Exclude the pictures and set down, unaltered, the lines from the one that holds "2021 TOYOTA SIENNA (VIN: 5TDKRKEC3MS044946)" through the end of the data.

-- Records shown follows --

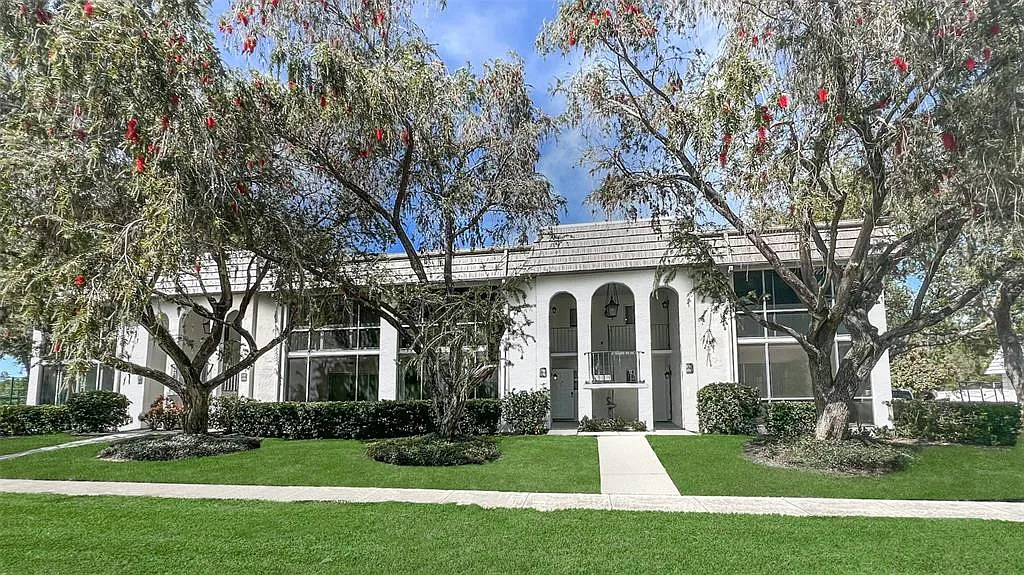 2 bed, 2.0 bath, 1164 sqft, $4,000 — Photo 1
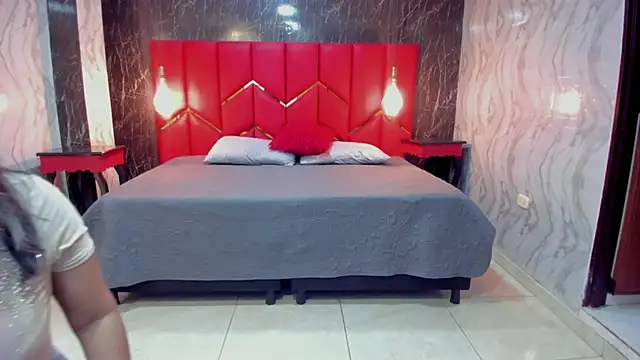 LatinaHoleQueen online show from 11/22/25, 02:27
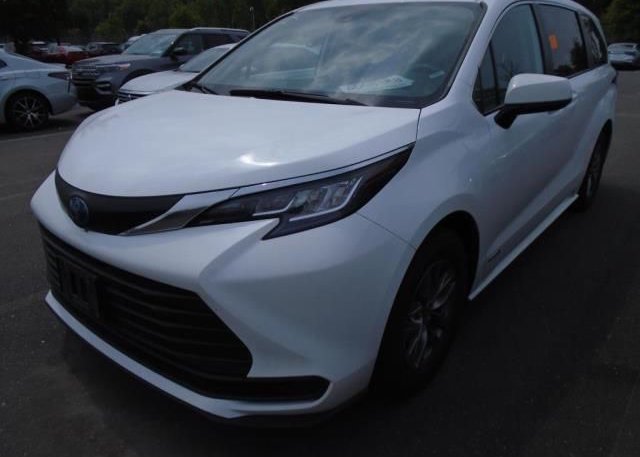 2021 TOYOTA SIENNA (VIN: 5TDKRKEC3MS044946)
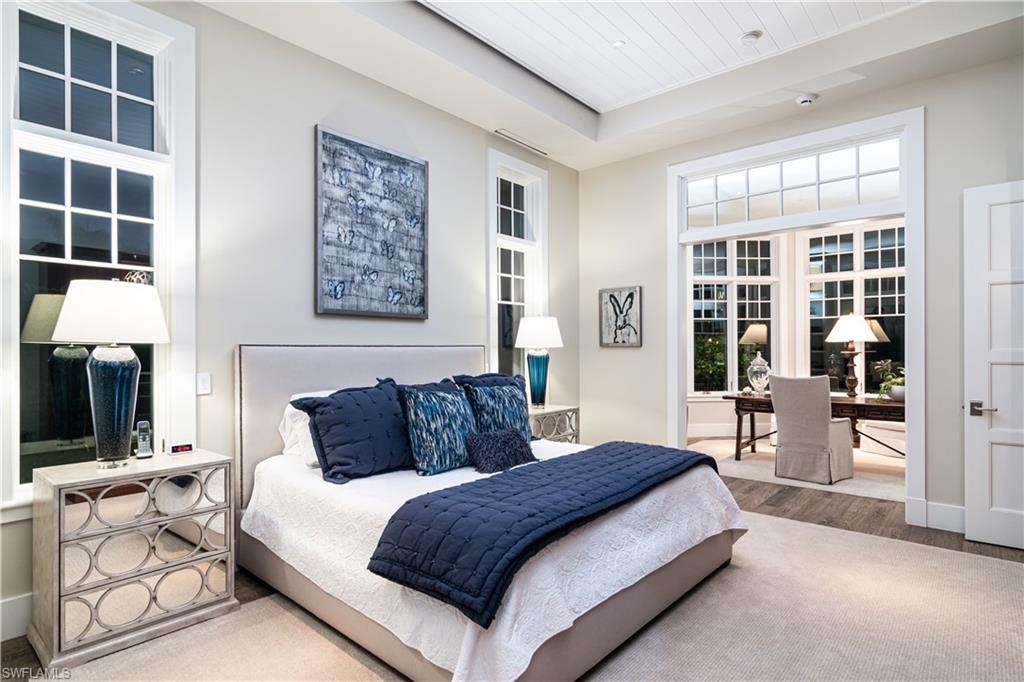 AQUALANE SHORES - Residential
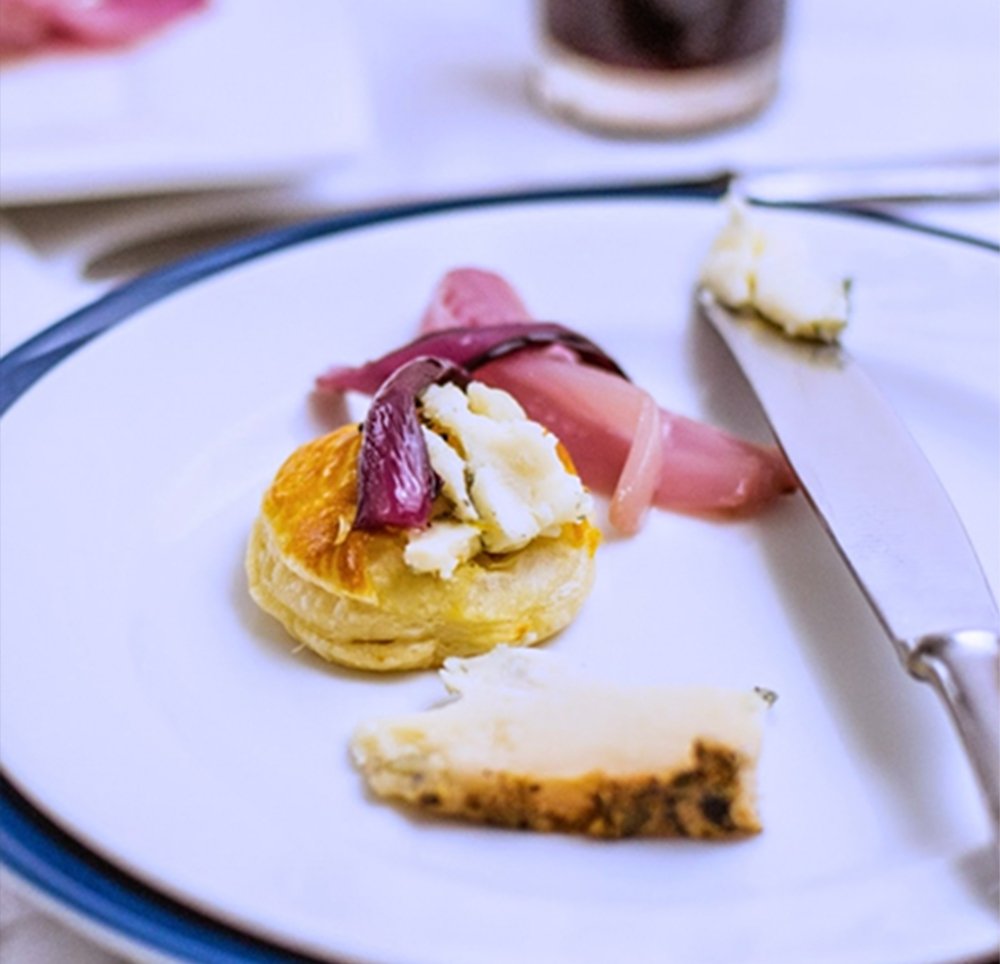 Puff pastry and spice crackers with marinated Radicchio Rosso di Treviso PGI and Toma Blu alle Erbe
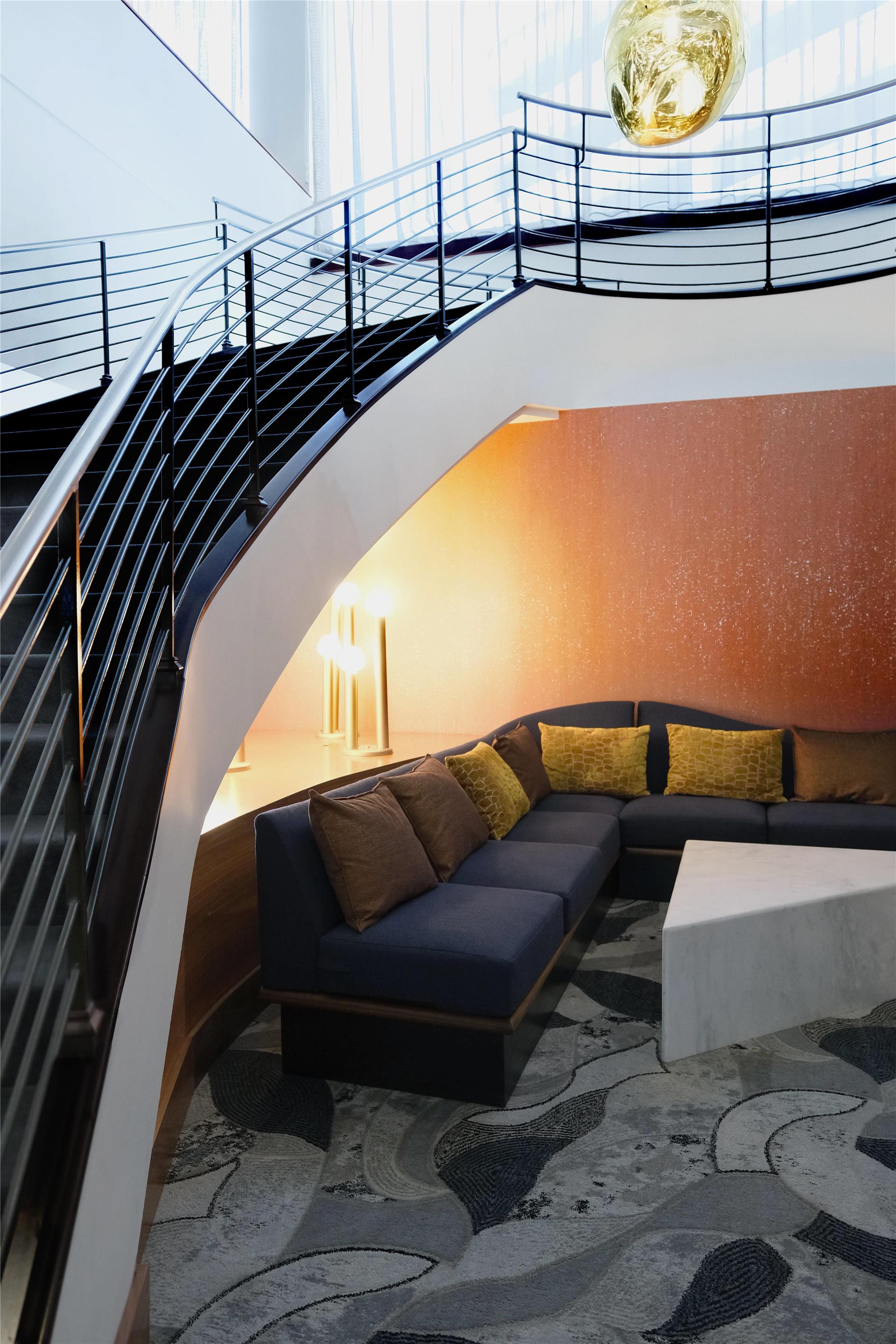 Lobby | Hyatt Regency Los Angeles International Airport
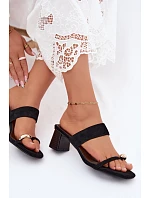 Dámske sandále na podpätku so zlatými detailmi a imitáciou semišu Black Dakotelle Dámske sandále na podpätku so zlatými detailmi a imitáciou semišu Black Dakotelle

-- Records shown concluded --

### Output below
 2021 TOYOTA SIENNA (VIN: 5TDKRKEC3MS044946)
 AQUALANE SHORES - Residential
 Puff pastry and spice crackers with marinated Radicchio Rosso di Treviso PGI and Toma Blu alle Erbe
 Lobby | Hyatt Regency Los Angeles International Airport
 Dámske sandále na podpätku so zlatými detailmi a imitáciou semišu Black Dakotelle Dámske sandále na podpätku so zlatými detailmi a imitáciou semišu Black Dakotelle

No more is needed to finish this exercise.